Problem details
Among the entries below, only the lines from the one with "intercontinental madrid by ihg" through the one with "Pembroke 5 Floor Lamp" are wanted, reproduced exactly. Pictures are not wanted.

Records shown
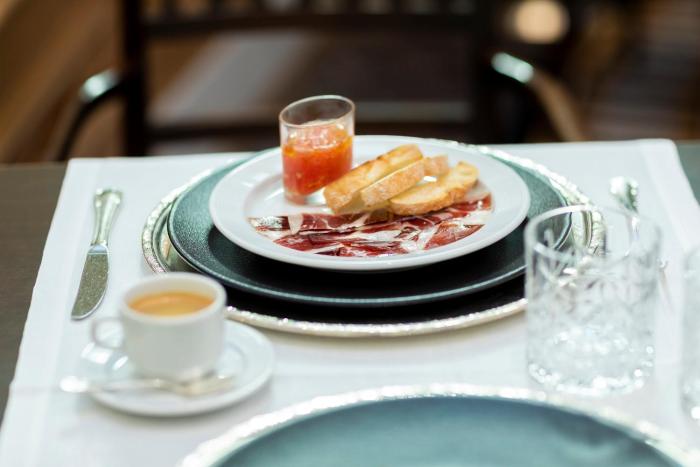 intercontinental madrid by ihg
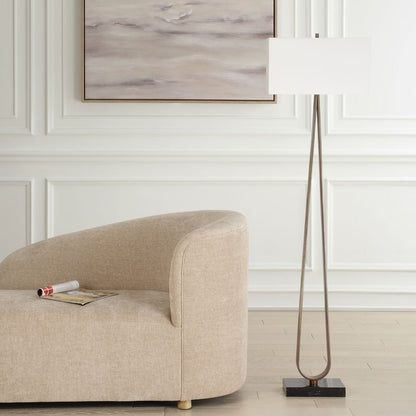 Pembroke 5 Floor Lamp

--

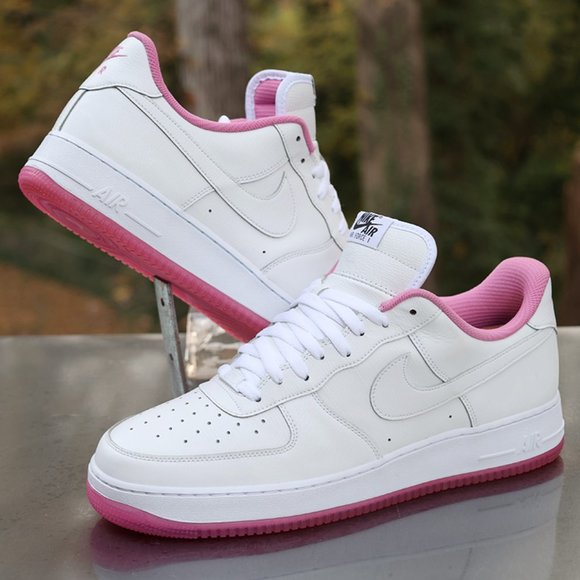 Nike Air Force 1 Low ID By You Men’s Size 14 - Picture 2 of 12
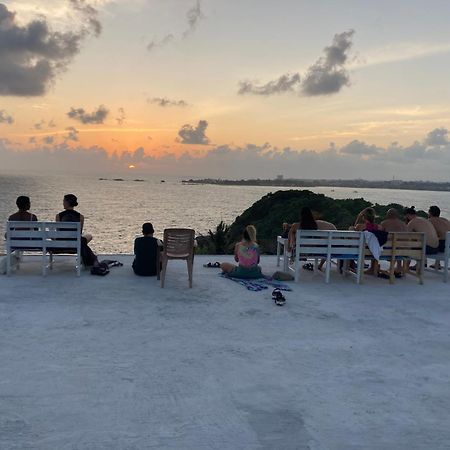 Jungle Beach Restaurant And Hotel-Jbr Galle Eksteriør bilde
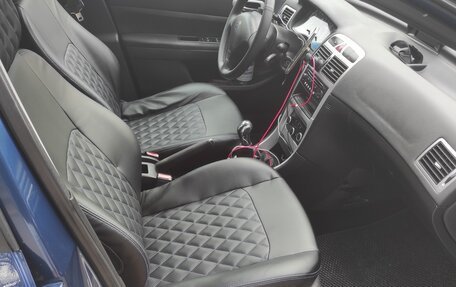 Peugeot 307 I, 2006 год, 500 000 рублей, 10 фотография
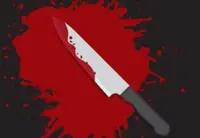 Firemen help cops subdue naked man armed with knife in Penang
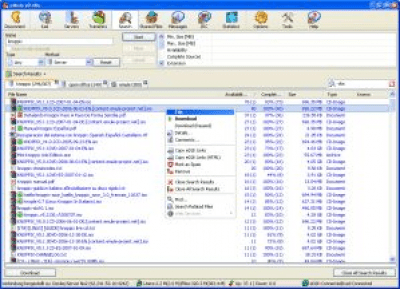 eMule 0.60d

Your response
 intercontinental madrid by ihg
 Pembroke 5 Floor Lamp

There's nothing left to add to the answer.